*** Data records

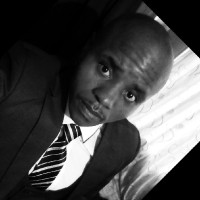 Lungile Ntuli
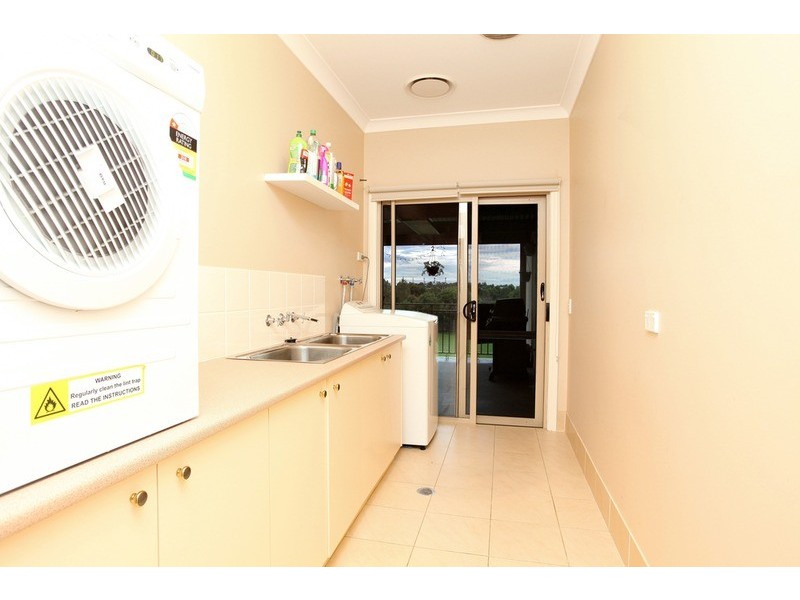 Lot 81 Nepean Street, Cranebrook NSW 2749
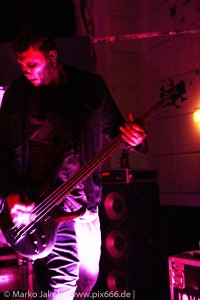 JOHNNY DEATHSHADOW (18)
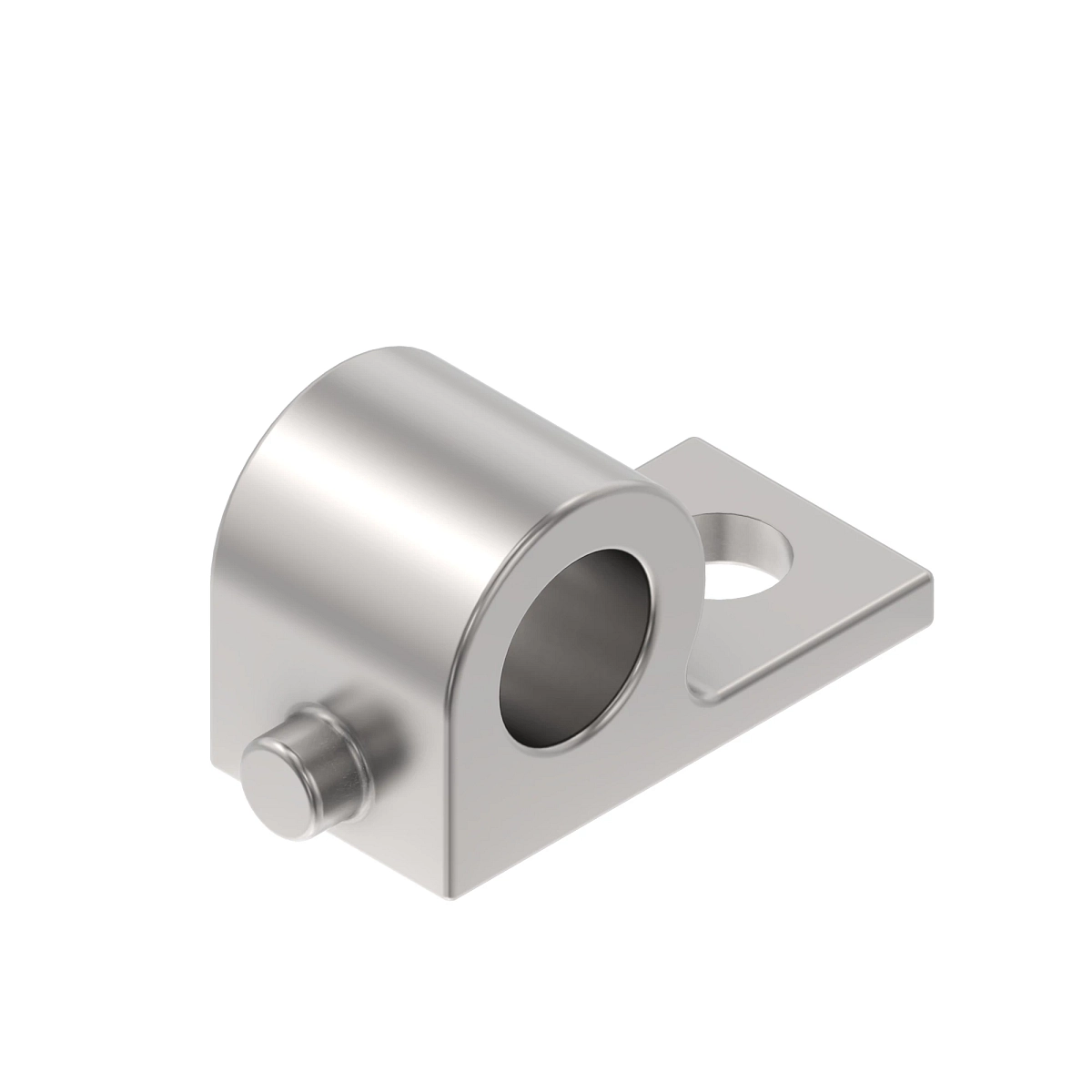 Bushing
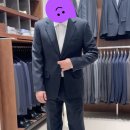 신랑 예복 맞춤 대신 기성복으로 | 타임옴므 수트 구매 후기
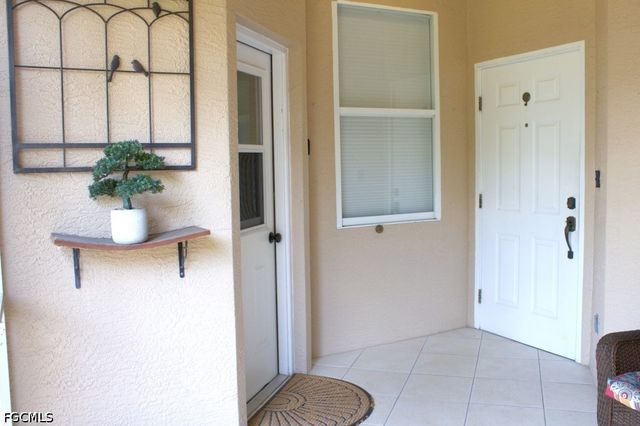 14069 Mystic Seaport WAY, Fort Myers, FL 33919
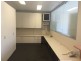 3A,4&5/25 Pintu Drive, Tanah Merah QLD 4128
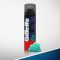 Чоловічий гель для гоління Gillette Regular Normal, 200 мл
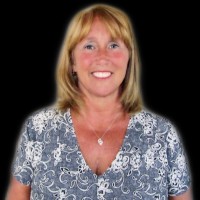 Peggy Maiorana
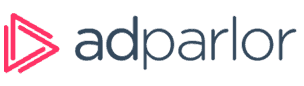 adparlor1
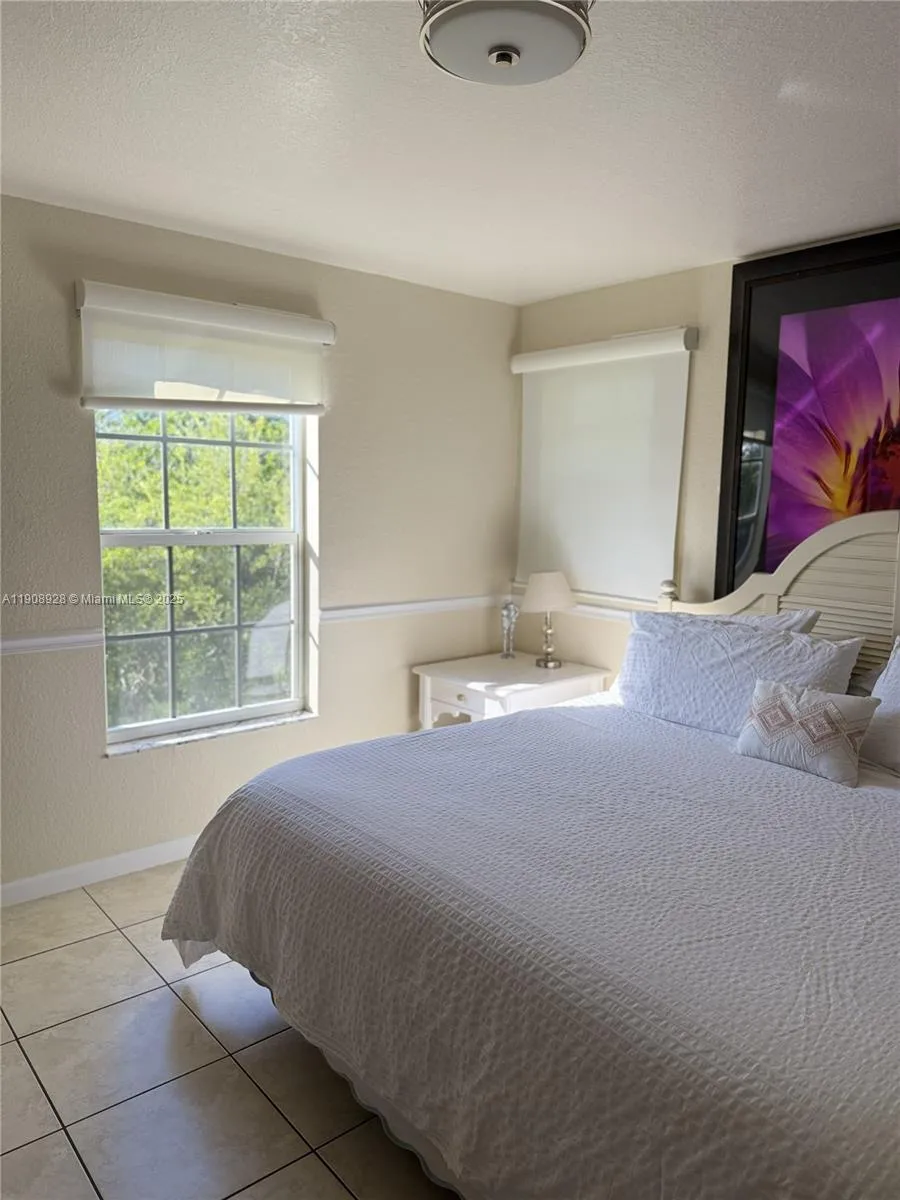150 Peace Ave Key Largo, FL 33037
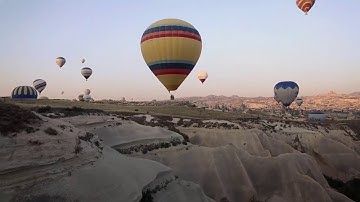 5 điểm cầu hôn lãng mạn hiếm thấy trên thế giới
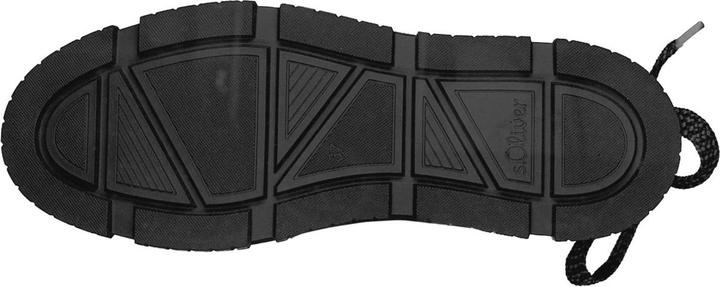 Image du produit S.Oliver 5-26446-41 - 60543 (39)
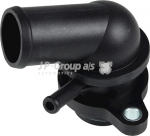 Termostaat, jahutusvedelik JP GROUP 3214600300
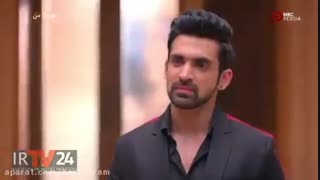 هووی من قسمت 23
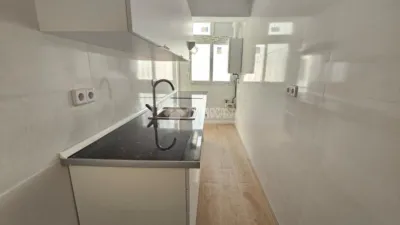 Flat in San Isidro photo 6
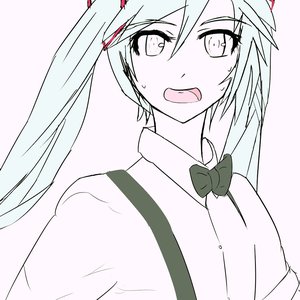 Avatar for Kanerin P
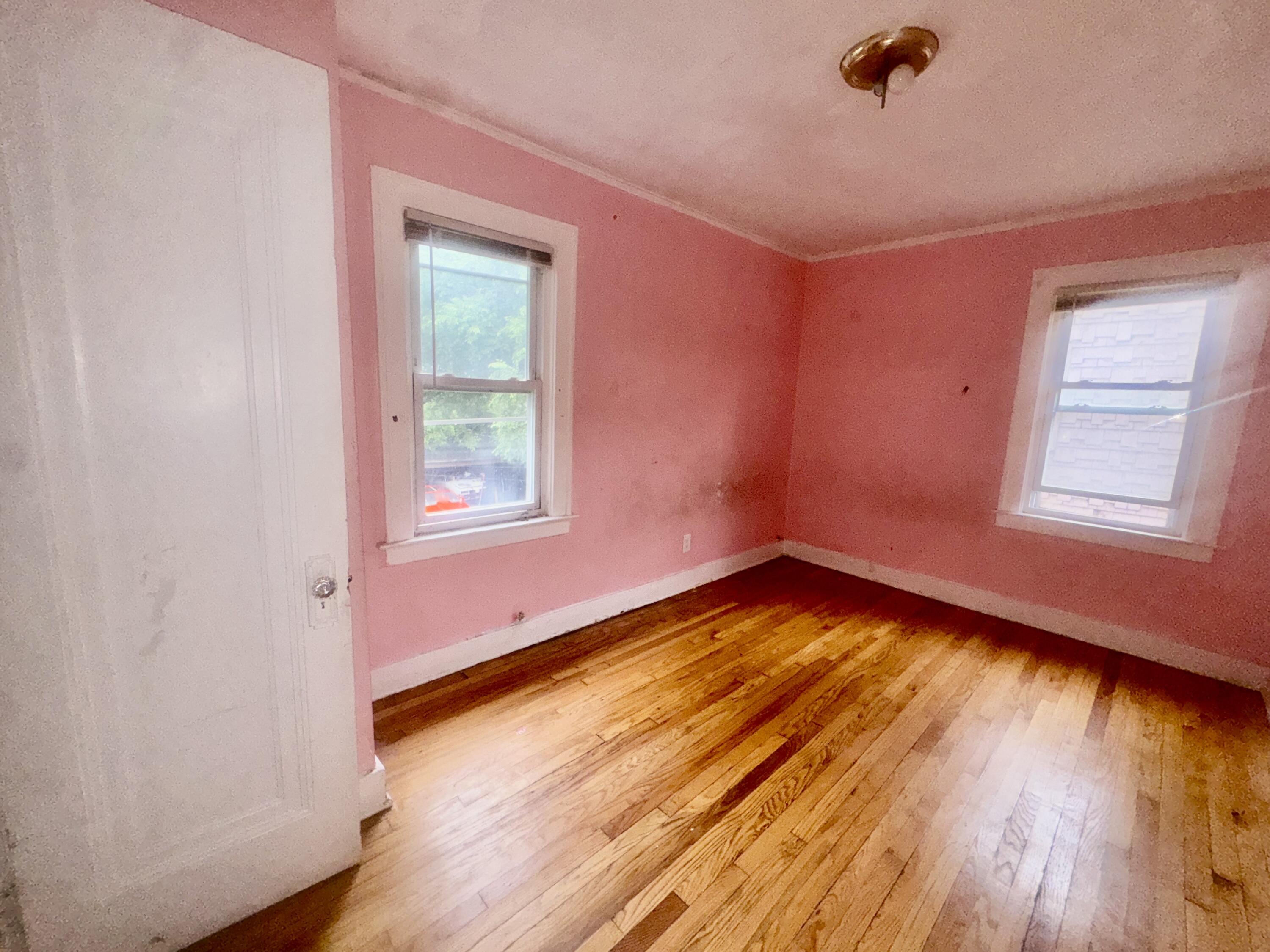 5793 Yorkshire Road Detroit, MI 48224 - Photo 16 of 21 Image_20250819_173414_799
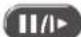 PANASONIC NV-HV60EBL - Remote control functions - 4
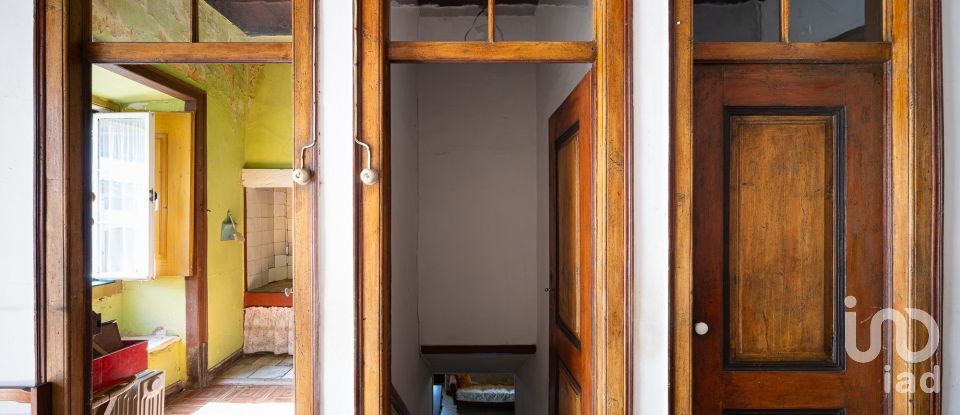 Quinta T7 em Santo Quintino de 825 m²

******

• _Problem description_
The expected output is the run of lines from the one containing "3A,4&5/25 Pintu Drive, Tanah Merah QLD 4128" to the last line of the listing above, both included, word for word and free of pictures.

• _Your response_
 3A,4&5/25 Pintu Drive, Tanah Merah QLD 4128
 Чоловічий гель для гоління Gillette Regular Normal, 200 мл
 Peggy Maiorana
 adparlor1
150 Peace Ave Key Largo, FL 33037
 5 điểm cầu hôn lãng mạn hiếm thấy trên thế giới
 Image du produit S.Oliver 5-26446-41 - 60543 (39)
 Termostaat, jahutusvedelik JP GROUP 3214600300
 هووی من قسمت 23
 Flat in San Isidro photo 6
 Avatar for Kanerin P
 5793 Yorkshire Road Detroit, MI 48224 - Photo 16 of 21 Image_20250819_173414_799
 PANASONIC NV-HV60EBL - Remote control functions - 4
 Quinta T7 em Santo Quintino de 825 m²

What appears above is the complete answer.